El 2 de abril a las 6 de la mañana, Héctor murió. Los primeros días internado le mandaba mensajes y audios a su esposa, contándole que tocaba el timbre y las enfermeras no lo asistían. Que se ponía paños solo. Que él se tenía que acordar de tomar las pastillas que le decían. Que en ningún momento vio a un doctor y que las enfermeras le pasaban los informes a una infectóloga.
“Los últimos días solo me mandaba mensajes, estaba con máscara de oxígeno. Y pocas horas después de que una enfermera me dijo que lo entubaron, me llamó otra para decirme que se había muerto, que lo cremaban, así, directamente. Me pasó los datos de la cochería para que me encargara de todo”.
Aquí, como en la mayoría de los barrios populares, el crecimiento de contagios es inversamente proporcional a la asistencia del Estado.
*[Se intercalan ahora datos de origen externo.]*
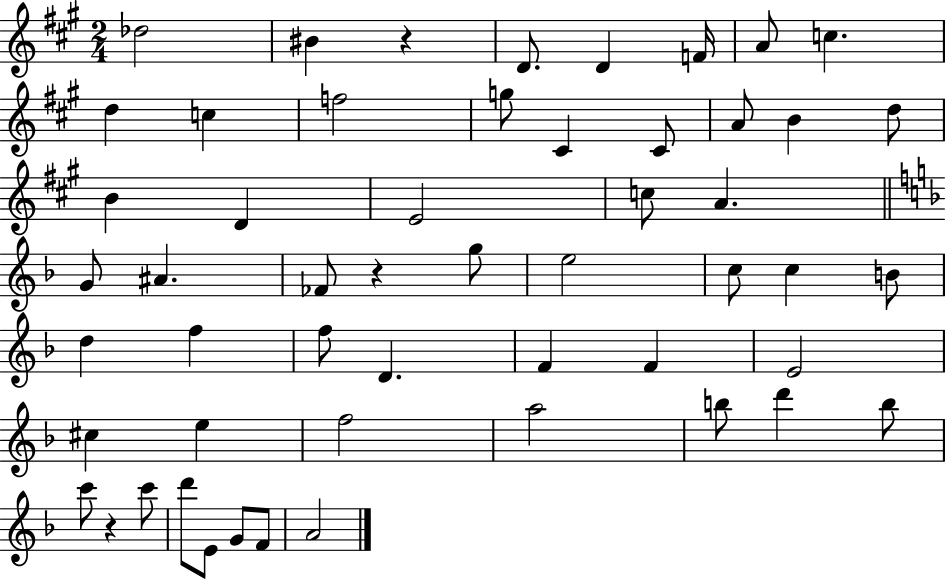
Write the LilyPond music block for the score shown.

Gabriela dice que si no fuera por la gente del comedor no sabría cómo habrían sobrevivido. De la Municipalidad de La Matanza solo recibió llamados pero ninguna ayuda. Tampoco de ningún otro organismo provincial ni nacional. De la empresa un día dejaron en la puerta una bolsa de mercadería, después nunca más aparecieron ni atendieron los llamados de Gabriela.
Cruz del Sur aún no pagó la indemnización que corresponde a la familia de manera automática, según lo marca la Ley de contrato de trabajo en casos de muerte de un trabajador en relación de dependencia. El sueldo de Héctor era el único ingreso de la casa.
“El pedía estar enterrado debajo de un árbol, donde también están las cenizas de su madre”, dice Gabriela, acariciando una urna marrón, que también le dejaron unos días después en la puerta de reja negra. Hasta antes de esta entrevista, esa puerta sólo había sido franqueada por el padre Tano, el cura del barrio que se acercó a dar el pésame.
−Me pidió que abriera la reja y me dio un abrazo. Me quedé dura.